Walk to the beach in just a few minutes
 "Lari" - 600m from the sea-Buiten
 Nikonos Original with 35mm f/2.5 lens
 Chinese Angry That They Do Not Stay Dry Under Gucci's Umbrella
□ □ □
• _TASK DETAILS_
Everything in the listing must be reproduced exactly; please include every line.

• _ANSWER TO THE EXERCISE_
Walk to the beach in just a few minutes
 "Lari" - 600m from the sea-Buiten
 Nikonos Original with 35mm f/2.5 lens
 Chinese Angry That They Do Not Stay Dry Under Gucci's Umbrella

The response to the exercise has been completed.